The roll is over 514 words tonight and struggled to get those. May be able to save one paragraph – the rest is absolutely – blehhh.
I wrote a descriptive passage about a kid putting on a seatbelt. Yup. Not good. Still have time but decided I should step away from the qwerty tonight -just not gonna happen.
Did have a good planning day for my nano plot though, using lesson 8 of HTTS, over 40 little cards brimmed with ideas.
Yay, after a break from strangling my narrative, 761 words more for Dog Show Detective, this time they are good (well better anyway) and are heading towards the solution of the mystery – not just focusing on two people sitting in a car waiting for someone.
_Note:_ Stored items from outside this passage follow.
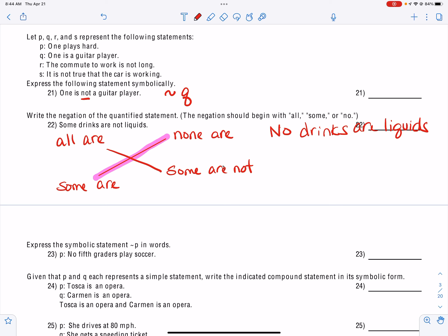So 'she drives at 80 miles per hour' is P, OR — the symbol for OR is a V-looking symbol — 'she gets a speeding ticket,' which is Q. Now it says 'if this is not a brontosaurus,' so the negation of 'this is a brontosaurus' would be ~P, and the if-then has to follow that statement, which is a single-sided arrow, then 'this is not a dinosaur,' which would be ~Q.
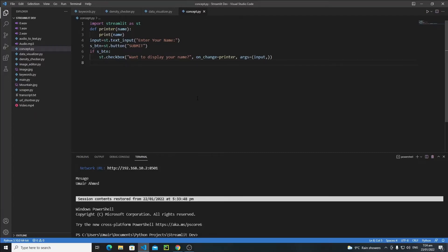In this tutorial we will talk about session state. The concept of session state is very important in Streamlit and it helps us a lot. It is a way of sharing variables between reruns for each user. If you want to refresh your browser but do not want to lose your variables and their data, then session state will help you a lot.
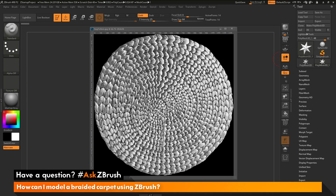This is Joseph Drust and welcome back to another episode of Ask ZBrush. We had a question sent in asking how can I model a braided carpet using ZBrush. This question was sent along with an image of a braided carpet design — a braid that has been spiraled to create a carpet.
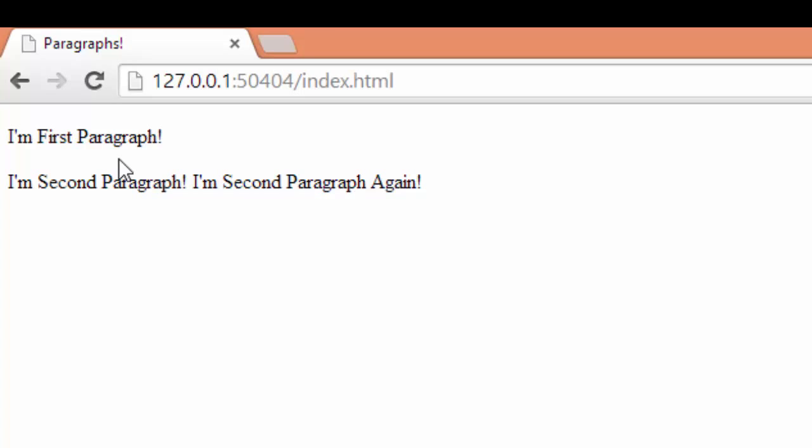And another thing, if you notice, the white space rule also applies here. As you see, I have written on the second paragraph the sentence 'I'm second paragraph' and 'I'm second paragraph again'.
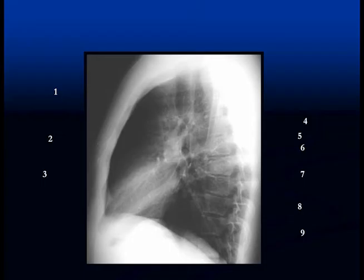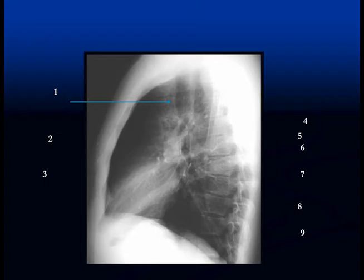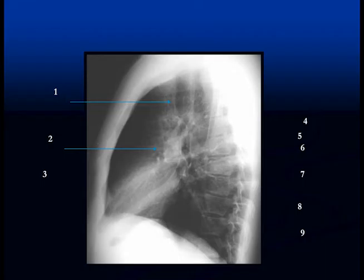Now we'll go on to the lateral chest film. A lot of medical students and doctors tend to avoid the lateral film because they find it difficult. But if you concentrate on the airways in the center — you can see the trachea coming down and where it bifurcates below — then you can describe the structures in front of and behind the trachea. This is the right pulmonary artery, which sits in front of the airway on the right side.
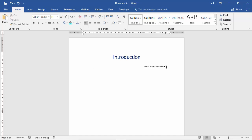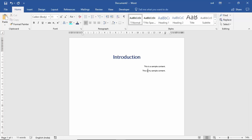After pressing Enter, the cursor is now blinking on the left alignment. To move it back to the right alignment, press Tab again, and now you can type on the right side. I type: 'This is my sample content.' That's how you can type in the right alignment.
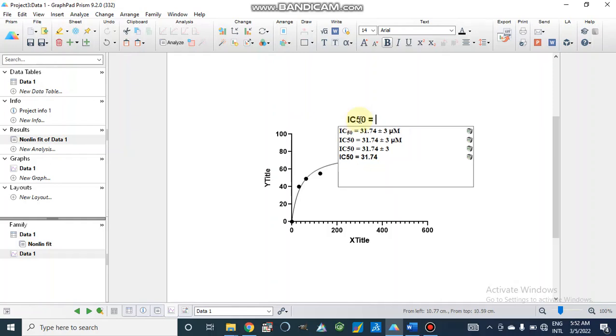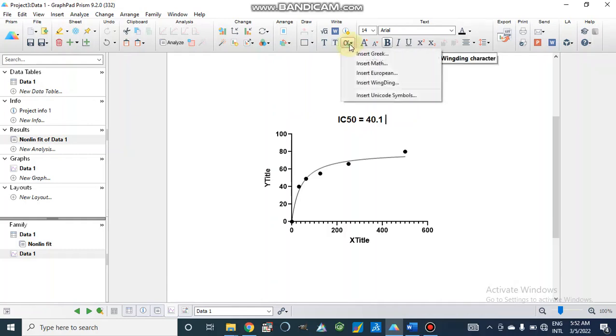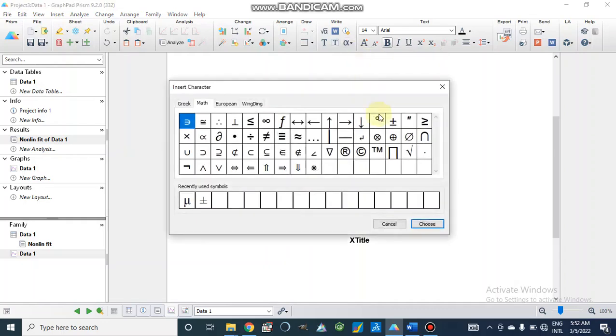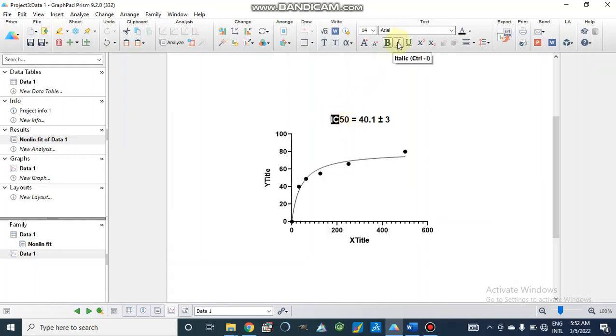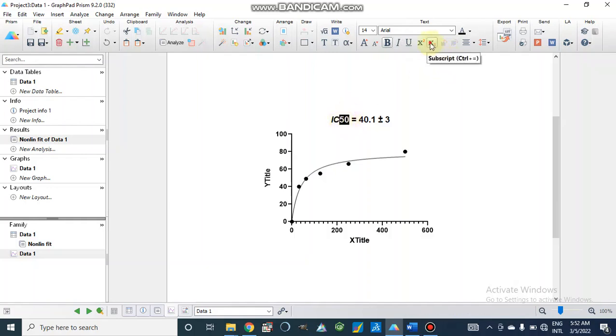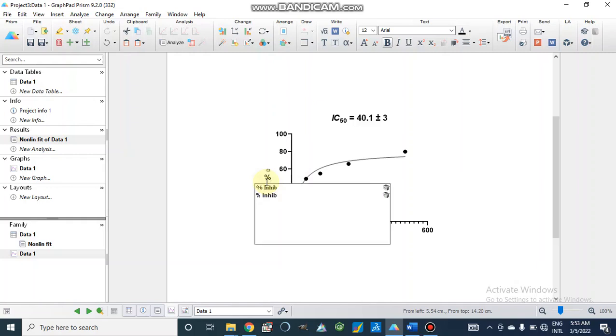We have 40 point something, and we have plus minus 3 degree of freedom. We can go to Symbol, insert plus minus, choose plus minus 3. Here we can make it IC50. For indexes we have inhibition percentage, so we will write inhibition percentage.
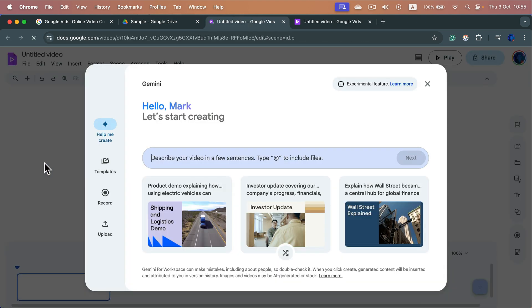It's like a free online video editor with Gemini AI built-in, but today we're not going to use that feature. Instead, I will upload my own files and trim it.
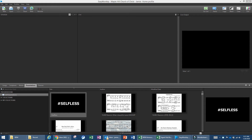Thank you for joining this training video for EasyWorship 7. This video will focus on some shortcuts and hints for setting up a new worship schedule in EasyWorship. When you open the program you'll come to this screen. As you can see, there is nothing in the schedule currently, so we have to start from scratch.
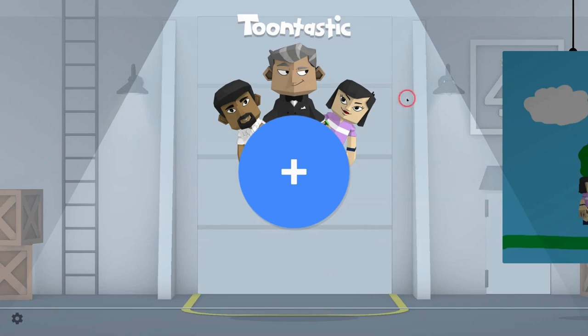Hi, I'm Tom Mullaney here today to tell you about the Toontastic 3D Android app on Chromebooks.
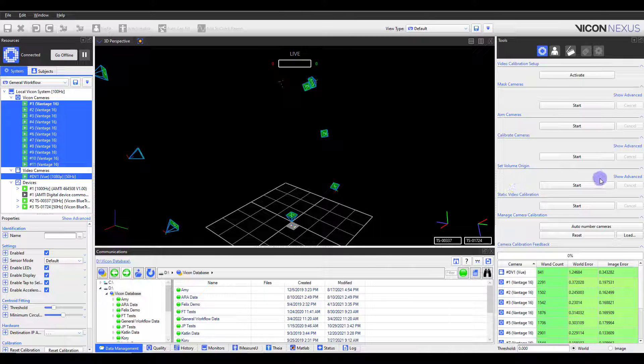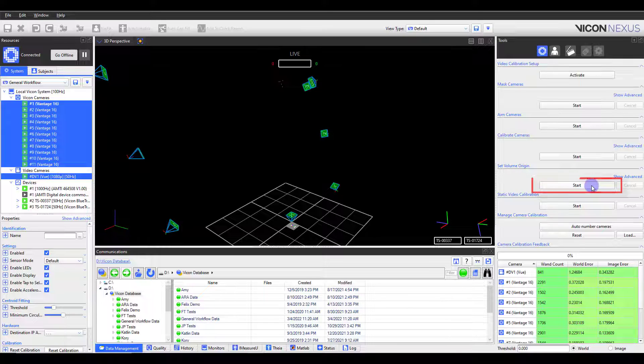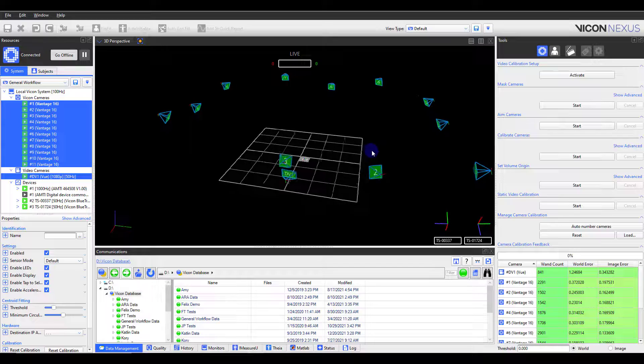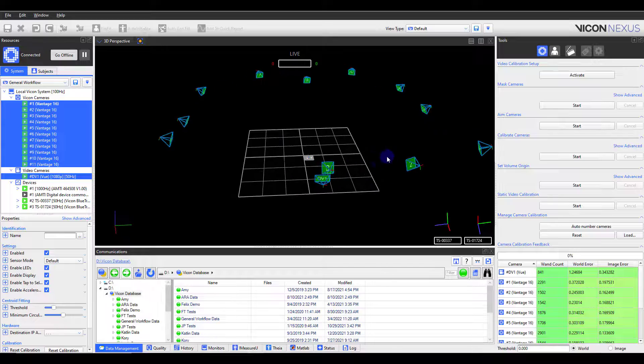Next, I need to set my origin to define my global coordinate system. Click Start under Set Volume Origin, then Set, and you will see the cameras snap into place.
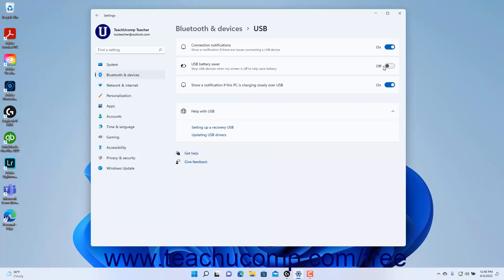To show a notification in Windows 11 if this PC is charging slowly over USB, ensure the Show a Notification if this PC is charging slowly over USB Settings toggle switch is set to the On position.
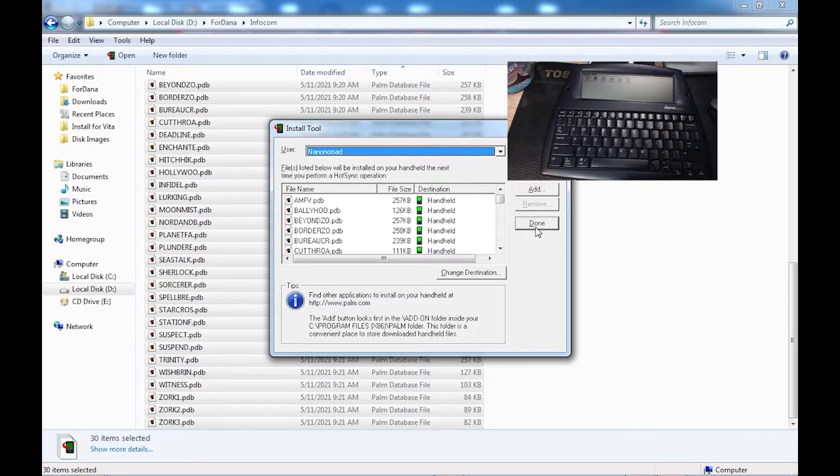If you've got HotSync manager loaded, you can hit the function key and the sync button at the same time and it'll begin syncing.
They were bored, I was bored and lord knows my readers would have fallen asleep in that car. Not my 2k daily goal (training for nano) but at least the story is coming back.
I finished that short story added 100+ words on Vega. I’m stuck like 3K before the ending. How’s that for lame?
330 words – Development.
Doing plot cards for the Bodyguard’s subplot. Trying to figure out who betrays who and who remains loyal. And when.
Is that you, from the LSB group?
This is me from a lot of groups.
Including the LSB group. 🙂
I got 558 words tonight. (Not a round number… I’m not sure whether to be disappointed or relieved.) Cricket tried to get the elf through the iron gate and ended up causing her pain and weakening her abilities. Not that it mattered…
350 for me. I finally decided to stop forcing past tense and let it be present, since that’s clearly just what it is. Which means the past 30k needs a little rewriting…but that’s okay!
0 Words tonight, shame on me. I got to preoccupied with the wife’s AVON business and building her a new PC to clear my head. It’s hard to think about writing while crunching all those numbers. I’ll do better tomorrow though.